With the diverse challenges that procurement faces continuously, the LkSG is a significant addition. Like all innovations and changes, procurement and the entire company require change management to support the transformation towards sustainable procurement. Building knowledge, raising awareness, acceptance, transferring the significance of due diligence and sustainability to one’s own workplace, and enabling implementation – these remain the critical factors for successful procurement compliance. After all, the highest quality data is useless if it is not used in procurement or if it is not known how it can be used effectively. Capacity building in procurement for dealing with the LkSG and the associated supplier requirements requires a comprehensive understanding of the new ESG conditions in the company context. To move from theory to practical implementation, procurement professionals not only need the appropriate background understanding and awareness but also sensible integration into processes and supplier relationship management.

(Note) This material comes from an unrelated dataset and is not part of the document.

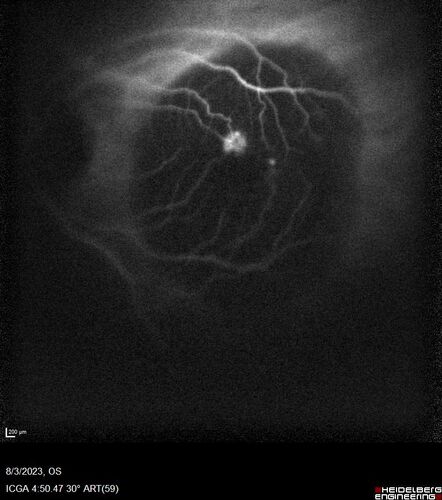 Wet AMD - Type 1 CNVM - RAP lesion
92 year old man with vision loss and very high PED.  Because of worry about a PED tear, patient was treated with avastin, then lucentis, then eyelea, then vabysmo (progressively stronger meds)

Incorporating suppliers‘ sustainability performance into procurement objectives can be an important and helpful step in implementing the topic into day-to-day procurement. Incentivizing creates mutual value for employees and the company itself, promoting procurement compliance.

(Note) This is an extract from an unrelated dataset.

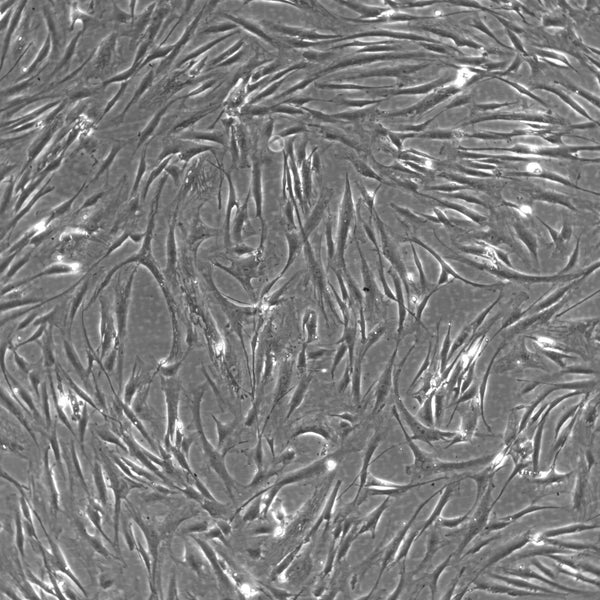 Wilms8 cell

From tendering to awarding

In procurement processes, sustainability can be incorporated as a criterion, ideally holistically, from tendering, through awarding, and further in Supplier Relationship Management (SRM) to continuously drive improvements. It is essential to take suppliers on this journey, meeting them at their respective levels of sustainability maturity or compliance – and instead of sanctioning, to support and collaboratively work on improvements. Like in procurement, capacity building in the supply chain is fundamental for LkSG compliance and beyond. In recent years, there has often been a discrepancy from the supplier’s perspective between what their customers demanded regarding sustainability in tenders and how sustainability performance was ultimately weighted when „in the end, the cheaper supplier got the order again.“ However, there is good news from the supply chain: sustainability has arrived. The EcoVadis Barometer 2021 showed that although many of these companies are not yet subject to reporting or due diligence obligations – and thus compliance is only a driver for 7% of the surveyed companies – more than half of the participating suppliers are primarily motivated in their sustainability commitment by market demand. For 41% of suppliers, the main motivation for their sustainability commitment lies more in the company mission than in external market pressure. (Source: Sustainable Procurement Barometer, 2021; © EcoVadis SAS)

This intrinsic motivation not only forms the basis for LkSG compliance but offers procurement enormous potential for innovations and value creation.

The new procurement compliance, with sustainability at the center of traditional procurement criteria, is not only the basis for the LkSG but also offers a multitude of opportunities for procurement organizations to mitigate risks, thus promoting positive impact, increasing resilience – and achieving cost savings through sustainability.